### Given data:
..........

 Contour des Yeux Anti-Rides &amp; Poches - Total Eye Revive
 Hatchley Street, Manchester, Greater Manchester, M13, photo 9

..........

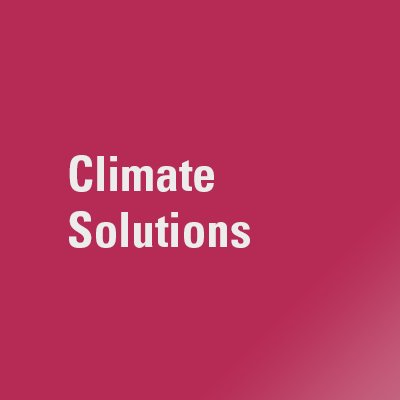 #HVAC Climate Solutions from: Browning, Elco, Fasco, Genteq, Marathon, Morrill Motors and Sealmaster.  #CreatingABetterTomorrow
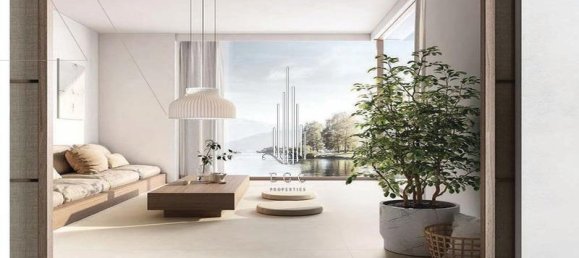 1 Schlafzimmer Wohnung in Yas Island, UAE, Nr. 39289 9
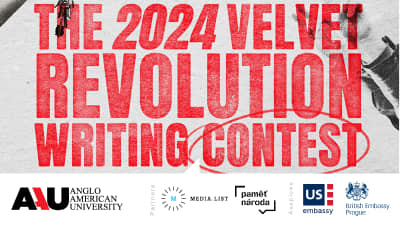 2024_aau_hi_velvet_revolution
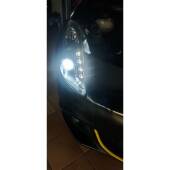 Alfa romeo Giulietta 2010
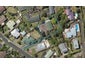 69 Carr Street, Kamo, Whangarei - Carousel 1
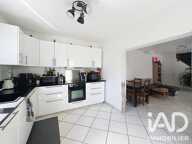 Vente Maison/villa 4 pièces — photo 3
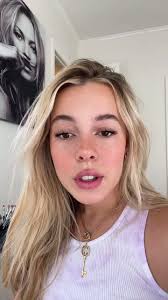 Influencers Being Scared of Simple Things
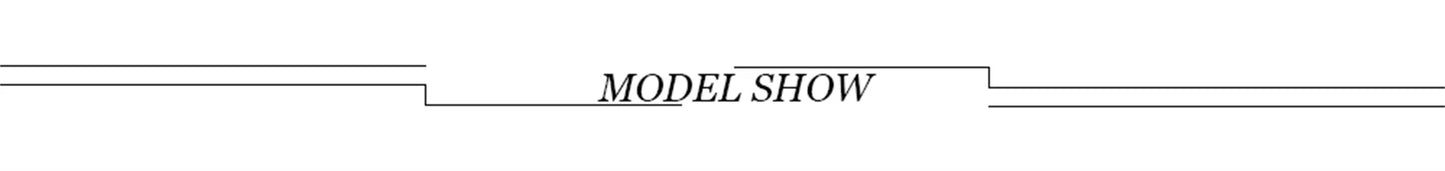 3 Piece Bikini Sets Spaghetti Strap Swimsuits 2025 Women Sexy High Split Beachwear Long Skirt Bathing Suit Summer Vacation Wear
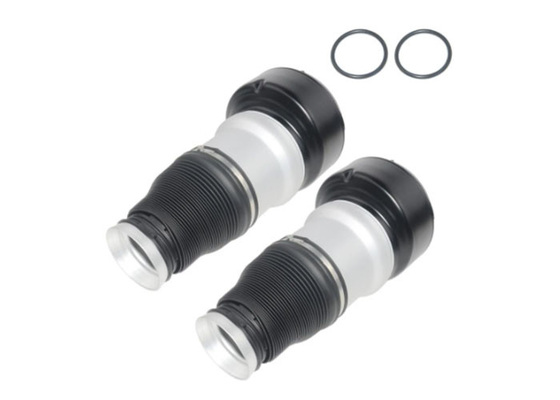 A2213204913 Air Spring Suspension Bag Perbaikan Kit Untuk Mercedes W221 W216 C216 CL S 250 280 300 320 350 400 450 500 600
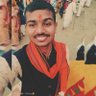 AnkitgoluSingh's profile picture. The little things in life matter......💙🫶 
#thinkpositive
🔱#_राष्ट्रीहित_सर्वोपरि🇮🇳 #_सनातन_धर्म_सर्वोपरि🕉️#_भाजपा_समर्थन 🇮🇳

..........

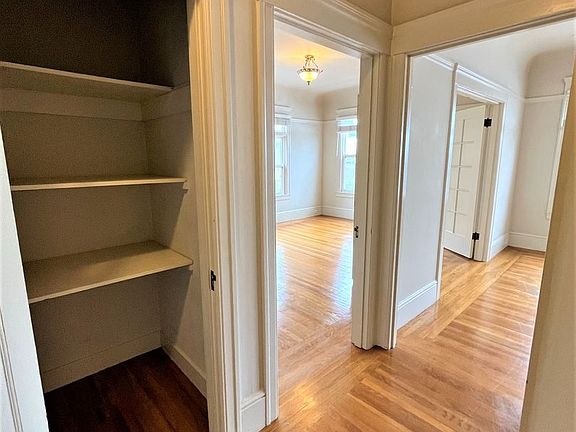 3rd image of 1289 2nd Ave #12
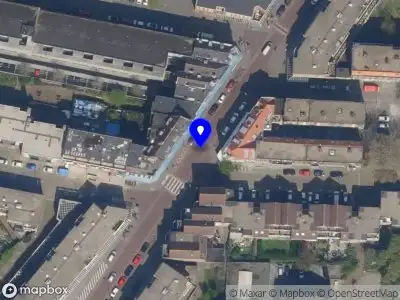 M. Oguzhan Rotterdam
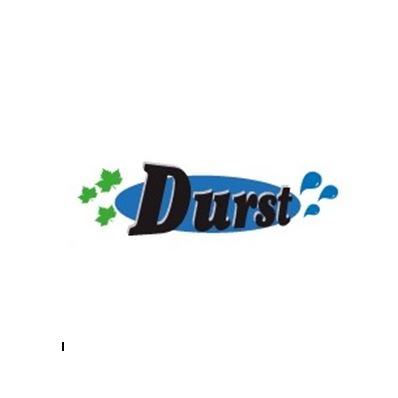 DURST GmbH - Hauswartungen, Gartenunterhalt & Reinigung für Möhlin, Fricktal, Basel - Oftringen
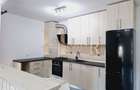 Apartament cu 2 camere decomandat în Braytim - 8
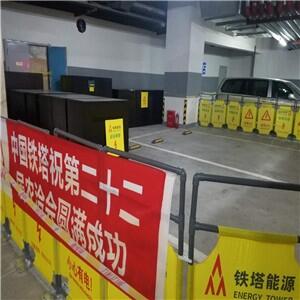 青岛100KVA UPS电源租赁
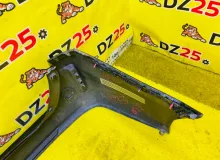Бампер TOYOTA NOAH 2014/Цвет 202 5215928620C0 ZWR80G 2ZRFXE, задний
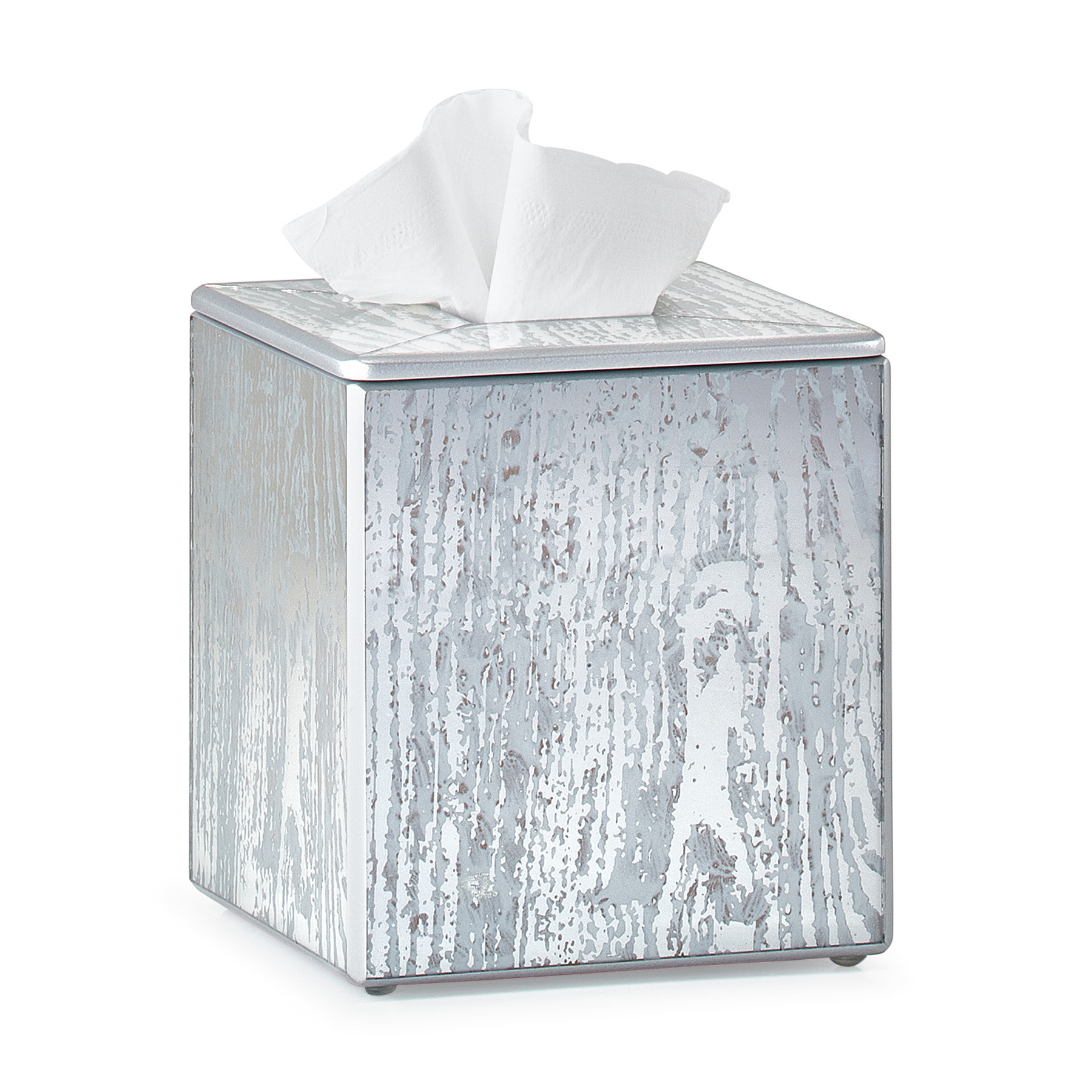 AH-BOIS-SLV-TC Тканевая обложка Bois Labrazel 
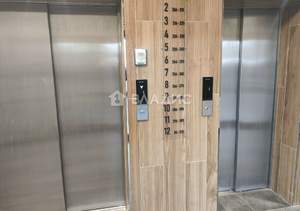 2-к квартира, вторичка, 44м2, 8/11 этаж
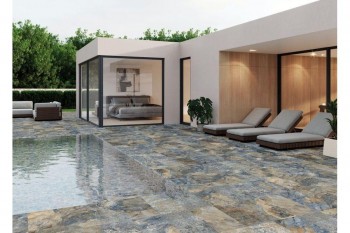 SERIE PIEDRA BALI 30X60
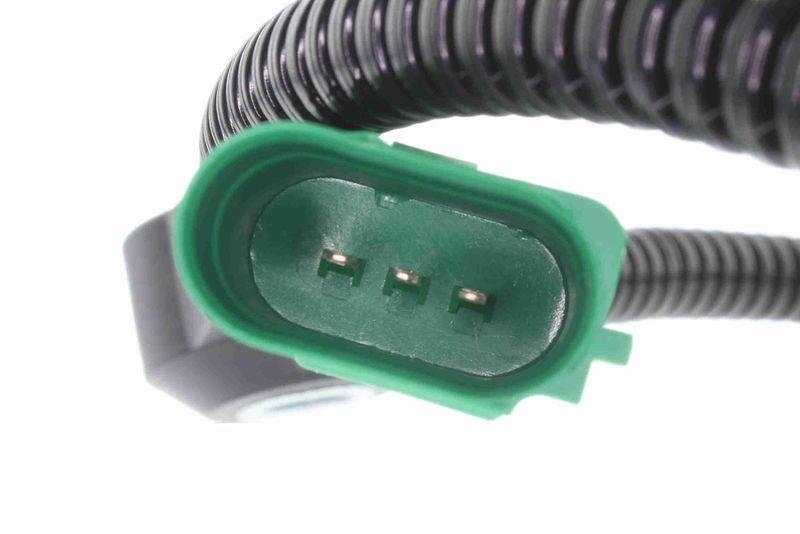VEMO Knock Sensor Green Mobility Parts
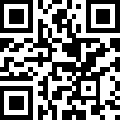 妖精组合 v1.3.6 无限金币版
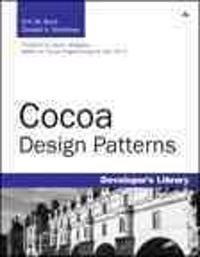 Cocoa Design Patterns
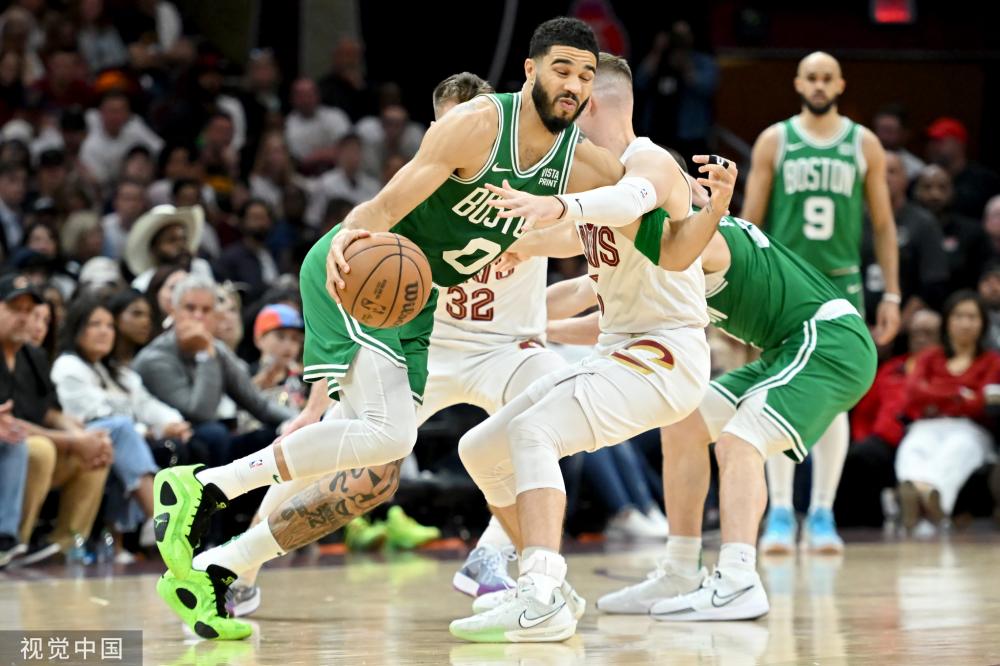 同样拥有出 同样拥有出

..........

### Task statement:
Please print the lines above word for word, starting at the one with "青岛100KVA UPS电源租赁" and ending at the one with "同样拥有出 同样拥有出", both included, and without any picture.

### Task output:
 青岛100KVA UPS电源租赁
Бампер TOYOTA NOAH 2014/Цвет 202 5215928620C0 ZWR80G 2ZRFXE, задний
 AH-BOIS-SLV-TC Тканевая обложка Bois Labrazel 
 2-к квартира, вторичка, 44м2, 8/11 этаж
 SERIE PIEDRA BALI 30X60
VEMO Knock Sensor Green Mobility Parts
 妖精组合 v1.3.6 无限金币版
 Cocoa Design Patterns
 同样拥有出 同样拥有出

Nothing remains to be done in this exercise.